The months and years following the French Revolution in 1789 saw an intense political debate in England. Much of the controversy fell along predictably self-interested party lines—those who supported the traditional hierarchies of the English aristocracy claimed their traditional "right" to power and authority; those from the disenfranchised "lower orders" pointed to the structural inequities in the traditional hierarchy that undermined their "right" to better their own lot (let alone influence the government of their own country). Within the din of self-interested political rhetoric, however, several voices stand out as examples of thoughtful cultural and political analysis. Among these are Mary Wollstonecraft, William Godwin, Thomas Paine, and later Wordsworth, Shelley, and a whole host of romantic-era writers and thinkers. In a way, though, it is possible to see much of the political analysis as a reaction to the claims of Edmund Burke in his Reflections on the Revolution in France (1790).

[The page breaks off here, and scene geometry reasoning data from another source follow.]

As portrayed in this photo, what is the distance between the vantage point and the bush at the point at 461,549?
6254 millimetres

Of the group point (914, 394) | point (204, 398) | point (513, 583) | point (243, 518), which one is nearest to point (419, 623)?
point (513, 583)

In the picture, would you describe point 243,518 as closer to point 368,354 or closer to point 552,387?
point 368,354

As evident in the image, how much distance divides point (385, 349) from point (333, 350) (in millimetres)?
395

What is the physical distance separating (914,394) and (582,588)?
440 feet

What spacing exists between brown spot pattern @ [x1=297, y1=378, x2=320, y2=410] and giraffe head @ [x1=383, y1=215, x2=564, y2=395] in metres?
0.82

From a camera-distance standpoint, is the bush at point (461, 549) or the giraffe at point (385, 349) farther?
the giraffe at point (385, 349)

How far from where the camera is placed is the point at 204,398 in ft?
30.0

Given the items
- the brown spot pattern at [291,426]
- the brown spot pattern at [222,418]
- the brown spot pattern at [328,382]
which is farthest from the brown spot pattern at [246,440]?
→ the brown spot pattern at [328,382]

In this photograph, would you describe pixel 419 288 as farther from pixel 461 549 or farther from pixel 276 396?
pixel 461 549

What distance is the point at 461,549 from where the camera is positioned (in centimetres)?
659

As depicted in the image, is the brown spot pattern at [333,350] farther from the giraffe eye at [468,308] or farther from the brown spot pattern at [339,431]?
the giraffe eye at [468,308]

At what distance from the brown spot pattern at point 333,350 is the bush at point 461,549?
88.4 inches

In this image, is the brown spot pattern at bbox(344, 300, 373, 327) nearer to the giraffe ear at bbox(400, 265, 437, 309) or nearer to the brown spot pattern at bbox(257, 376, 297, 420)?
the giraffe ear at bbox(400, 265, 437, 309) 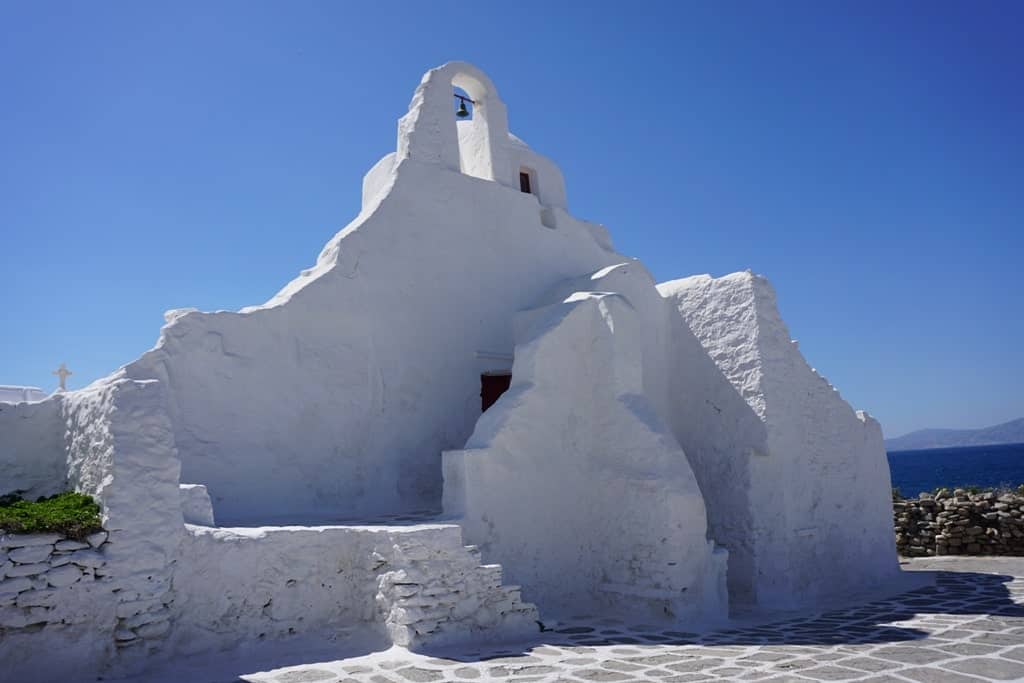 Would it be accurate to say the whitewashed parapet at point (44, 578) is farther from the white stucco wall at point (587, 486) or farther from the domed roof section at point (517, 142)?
the domed roof section at point (517, 142)

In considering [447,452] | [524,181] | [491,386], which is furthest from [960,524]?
[447,452]

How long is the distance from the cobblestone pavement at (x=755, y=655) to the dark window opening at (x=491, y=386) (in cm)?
381

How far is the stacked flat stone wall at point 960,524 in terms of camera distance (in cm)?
1420

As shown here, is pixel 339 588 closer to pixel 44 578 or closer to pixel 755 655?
pixel 44 578

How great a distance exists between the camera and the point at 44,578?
18.4 ft

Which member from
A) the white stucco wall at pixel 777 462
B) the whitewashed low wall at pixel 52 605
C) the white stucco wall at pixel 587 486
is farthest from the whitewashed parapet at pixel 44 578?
the white stucco wall at pixel 777 462

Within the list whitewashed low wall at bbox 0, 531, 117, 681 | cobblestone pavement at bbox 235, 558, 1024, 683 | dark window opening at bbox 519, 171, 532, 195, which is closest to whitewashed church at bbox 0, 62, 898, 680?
whitewashed low wall at bbox 0, 531, 117, 681

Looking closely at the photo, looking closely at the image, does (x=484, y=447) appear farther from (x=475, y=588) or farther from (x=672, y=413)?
(x=672, y=413)

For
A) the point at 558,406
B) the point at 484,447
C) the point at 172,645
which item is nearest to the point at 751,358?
the point at 558,406

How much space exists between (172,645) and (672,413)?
749 cm

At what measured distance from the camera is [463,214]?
11.2m

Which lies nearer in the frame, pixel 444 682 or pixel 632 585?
pixel 444 682

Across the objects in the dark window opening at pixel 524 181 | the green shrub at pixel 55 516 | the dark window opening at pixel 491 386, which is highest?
the dark window opening at pixel 524 181

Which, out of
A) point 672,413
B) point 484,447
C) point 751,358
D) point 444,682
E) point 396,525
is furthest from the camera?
point 672,413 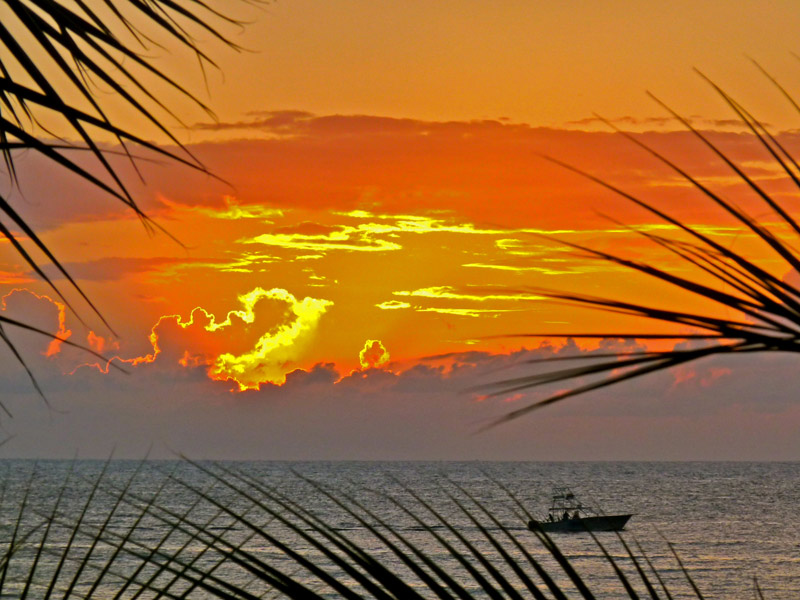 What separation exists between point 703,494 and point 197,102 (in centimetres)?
11687

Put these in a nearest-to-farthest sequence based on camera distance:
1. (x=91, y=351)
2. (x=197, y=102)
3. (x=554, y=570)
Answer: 1. (x=91, y=351)
2. (x=197, y=102)
3. (x=554, y=570)

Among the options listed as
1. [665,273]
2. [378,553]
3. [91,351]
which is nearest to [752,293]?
[665,273]

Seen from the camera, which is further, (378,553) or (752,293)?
(378,553)

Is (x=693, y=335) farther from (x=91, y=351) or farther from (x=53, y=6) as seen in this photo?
(x=53, y=6)

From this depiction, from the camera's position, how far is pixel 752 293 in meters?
1.12

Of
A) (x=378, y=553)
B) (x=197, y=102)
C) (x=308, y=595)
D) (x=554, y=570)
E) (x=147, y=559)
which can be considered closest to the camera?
(x=308, y=595)

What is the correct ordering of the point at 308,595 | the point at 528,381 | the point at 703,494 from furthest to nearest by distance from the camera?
the point at 703,494, the point at 308,595, the point at 528,381

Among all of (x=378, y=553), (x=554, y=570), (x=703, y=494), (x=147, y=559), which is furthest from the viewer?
(x=703, y=494)

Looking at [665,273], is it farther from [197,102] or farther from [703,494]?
[703,494]

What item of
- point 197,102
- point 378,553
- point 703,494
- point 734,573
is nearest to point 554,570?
point 734,573

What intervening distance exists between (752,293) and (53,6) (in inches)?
47.1

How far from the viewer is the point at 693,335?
1.08 meters

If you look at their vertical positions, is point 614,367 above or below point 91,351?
below

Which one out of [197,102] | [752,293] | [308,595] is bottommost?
[308,595]
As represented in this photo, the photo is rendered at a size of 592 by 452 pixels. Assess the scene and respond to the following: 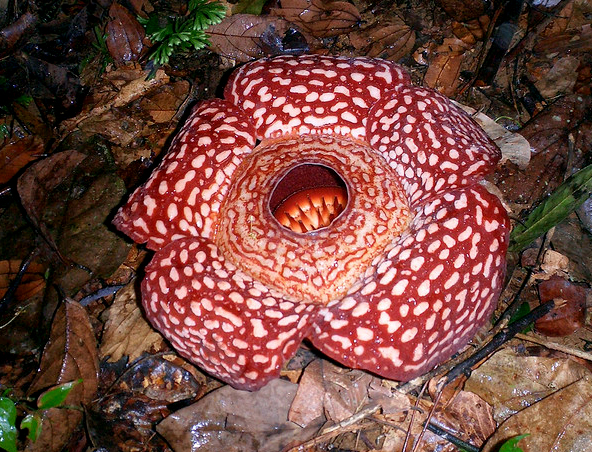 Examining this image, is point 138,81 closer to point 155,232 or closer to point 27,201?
point 27,201

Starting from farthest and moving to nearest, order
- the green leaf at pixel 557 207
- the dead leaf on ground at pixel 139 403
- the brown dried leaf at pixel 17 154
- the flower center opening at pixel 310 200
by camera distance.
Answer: the brown dried leaf at pixel 17 154, the flower center opening at pixel 310 200, the dead leaf on ground at pixel 139 403, the green leaf at pixel 557 207

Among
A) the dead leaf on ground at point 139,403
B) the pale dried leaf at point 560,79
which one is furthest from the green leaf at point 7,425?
the pale dried leaf at point 560,79

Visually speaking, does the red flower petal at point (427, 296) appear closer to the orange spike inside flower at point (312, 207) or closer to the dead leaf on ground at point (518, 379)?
the dead leaf on ground at point (518, 379)

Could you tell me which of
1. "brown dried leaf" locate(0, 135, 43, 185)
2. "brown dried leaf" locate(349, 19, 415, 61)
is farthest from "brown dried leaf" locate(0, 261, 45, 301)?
"brown dried leaf" locate(349, 19, 415, 61)

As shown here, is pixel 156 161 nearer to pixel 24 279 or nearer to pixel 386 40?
pixel 24 279

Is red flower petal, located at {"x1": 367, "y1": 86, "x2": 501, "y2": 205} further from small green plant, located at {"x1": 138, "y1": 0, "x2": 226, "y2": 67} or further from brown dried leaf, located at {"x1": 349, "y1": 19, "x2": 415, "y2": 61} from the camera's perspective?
small green plant, located at {"x1": 138, "y1": 0, "x2": 226, "y2": 67}

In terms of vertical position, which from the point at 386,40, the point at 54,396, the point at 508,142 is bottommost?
the point at 54,396

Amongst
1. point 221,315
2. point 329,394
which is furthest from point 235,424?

Perhaps the most famous line in the Reflections is Burke's claim that the French Revolution is evidence of an irreversible sea-change in modern cultural history: "The age of chivalry is gone." What exactly is this "age of chivalry"? Well, for Burke the phrase stands as a sort of short-hand for a social order founded on mutual respect and obedience to one's duty as defined by gender and social rank. The example he elaborates here is one of the noble courtier who, setting his own safety at naught, would stake all in the courageous defense of his queen. For Burke, this is not a self-interested figure who defends the queen (and, by extension, the state) because he expects some personal reward or because he is a salaried member of the court or the military. Instead, "chivalry" refers to a figure whose very identity is defined by this sense of fulfilling a proper place in the social order. That sense of "dignified obedience," to borrow Burke's words, leads rather paradoxically to "the spirit of an exalted freedom" which emerges "even in servitude itself." The crucial point here is that the courtier who exhibits some act of genuine chivalry is not motivated by some individual profit motive (whatever the rewards might be), but rather by a "generous loyalty" that finds meaning and satisfaction in fulfilling his role in the larger social order.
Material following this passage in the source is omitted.